Corría el año 1992 cuando un ciudadano norteamericano de origen japonés, Francis Fukuyama, publicaba su texto “El fin de la historia y el último hombre”. De manera algo soberbia, el politólogo Fukuyama sostenía que estábamos en presencia del fin de las ideologías, que era el ocaso de las controversias y luchas ideológicas. Al mismo tiempo, auguraba un futuro pavimentado por una economía capitalista y sustentado en una política cuyo eje central fuese el libre mercado.
Posiblemente, la caída del muro de Berlín algunos años antes, su interpretación y generalización algo simplista de este impactante hecho y su no disimulada tendencia neoliberal y conservadora, lo llevaron a plasmar una hipótesis en la que cometió un evidente fallo científico-metodológico al confundir deseos con realidad, o dicho de otra manera, al confundir lo que a él le gustaría que las cosas fueran con lo que las cosas realmente son.
Concretamente, no sólo su propia afirmación y postura eran en sí mismas ideológicas, lo que ya implicaba una contradicción inherente a su tesis, sino que además, la historia de los 20 años posteriores a su rimbombante predicción han demostrado que ha sido, precisamente el intento de despliegue y omnipresencia del neoliberalismo, lo que ha puesto nuevamente en primer plano la realidad e importancia de los debates acerca de los distintos proyectos de sociedad, esto es, la vigencia de lo ideológico.
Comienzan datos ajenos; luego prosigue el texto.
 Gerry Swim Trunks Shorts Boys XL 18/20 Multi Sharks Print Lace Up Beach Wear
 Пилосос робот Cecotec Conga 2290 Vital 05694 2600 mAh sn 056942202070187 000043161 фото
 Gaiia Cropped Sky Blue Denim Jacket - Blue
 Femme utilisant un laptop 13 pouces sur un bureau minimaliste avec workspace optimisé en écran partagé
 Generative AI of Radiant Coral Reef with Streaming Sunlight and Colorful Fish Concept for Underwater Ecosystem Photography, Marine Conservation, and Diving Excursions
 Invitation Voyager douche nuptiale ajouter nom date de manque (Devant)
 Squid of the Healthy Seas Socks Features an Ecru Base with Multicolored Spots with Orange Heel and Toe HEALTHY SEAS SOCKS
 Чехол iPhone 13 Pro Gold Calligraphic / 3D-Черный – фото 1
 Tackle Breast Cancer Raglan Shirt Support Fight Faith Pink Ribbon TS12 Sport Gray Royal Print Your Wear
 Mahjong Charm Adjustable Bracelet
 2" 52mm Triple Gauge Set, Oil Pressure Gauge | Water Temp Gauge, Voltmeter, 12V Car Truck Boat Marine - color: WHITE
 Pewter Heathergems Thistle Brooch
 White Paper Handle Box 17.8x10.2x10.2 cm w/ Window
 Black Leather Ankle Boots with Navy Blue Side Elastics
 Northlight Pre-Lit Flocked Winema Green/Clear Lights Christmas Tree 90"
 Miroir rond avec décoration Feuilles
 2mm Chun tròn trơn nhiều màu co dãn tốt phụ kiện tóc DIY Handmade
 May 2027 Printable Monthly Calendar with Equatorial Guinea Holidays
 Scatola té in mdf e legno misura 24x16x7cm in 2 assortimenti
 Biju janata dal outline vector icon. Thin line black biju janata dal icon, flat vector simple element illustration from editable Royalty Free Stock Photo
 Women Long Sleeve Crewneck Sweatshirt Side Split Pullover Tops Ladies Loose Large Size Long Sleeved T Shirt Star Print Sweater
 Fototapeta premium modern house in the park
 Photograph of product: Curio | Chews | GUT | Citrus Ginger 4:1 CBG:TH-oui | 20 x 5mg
En efecto, de manera creciente puede observarse una situación en diferentes partes del mundo que evidencia una tensión, cuando no conflictos sociales manifiestos, entre quienes quieren que el actual sistema mundial siga igual o se refuerce, favoreciendo a unos pocos y en medio de desigualdades abismantes y quienes aspiran a una transformación social que se plasme en otra realidad socio-económica y en un nuevo marco valórico-cultural en que la justicia y solidaridad desplacen a las aspiraciones sin límites y a la competencia individualista.
Una ilustración y antecedente no despreciable de lo anterior, me parece que lo constituye el actual punto de inflexión al que está llegando nuestro país a propósito de las alternativas que tendrán que enfrentar los ciudadanos en las próximas elecciones presidenciales y parlamentarias.
Tal como lo hemos expresado en columnas anteriores en este mismo espacio y más allá de lo meritorio y exitoso de la transición chilena en lo institucional y político, resulta difícil negar que pareciera estarse agotando la tolerancia y paciencia de la mayoría de los chilenos frente a la falta de voluntad política y acciones concretas que conduzcan a cambios en el sistema socio-económico actual, el que ha estado básicamente inspirado en una economía neo-liberal con clara preeminencia y excesos del mercado y del poder económico.
Los ya conocidos abusos y las significativas inequidades, son claramente consecuencia de esto y no se solucionan mirando para el lado y/o administrando lo que existe con tangenciales e inocuos intentos de ser más “eficientes” en determinadas áreas, con bonos tales o cuales y con permanentes y cansadores anuncios que nunca se concretan.
Es imprescindible abrir un sincero, necesario y saludable debate ideológico en el país, en el que todos nos sinceremos sin temor a que nos tilden de esto o lo otro y a través del cual las diferentes candidaturas, coaliciones y partidos políticos expliciten y difundan exhaustivamente su visión de la sociedad chilena y sus propuestas en relación al futuro.
Si el país no hace esto, terminaremos discutiendo estas o aquellas cifras, volverán a marearnos con los equilibrios macroeconómicos (en medio de una crisis de credibilidad de las estadísticas), nos vanagloriaremos del mayor número de empleos en medio de sueldos vergonzosos y con insuficientes leyes laborales, seguirán los espectáculos que devastan la política y a los políticos sin terminar con el binominal, en fin, terminaremos siendo cómplice de que todo siga igual, haremos una afrenta a la democracia y posiblemente se llegará a una cristalización de los conflictos sociales.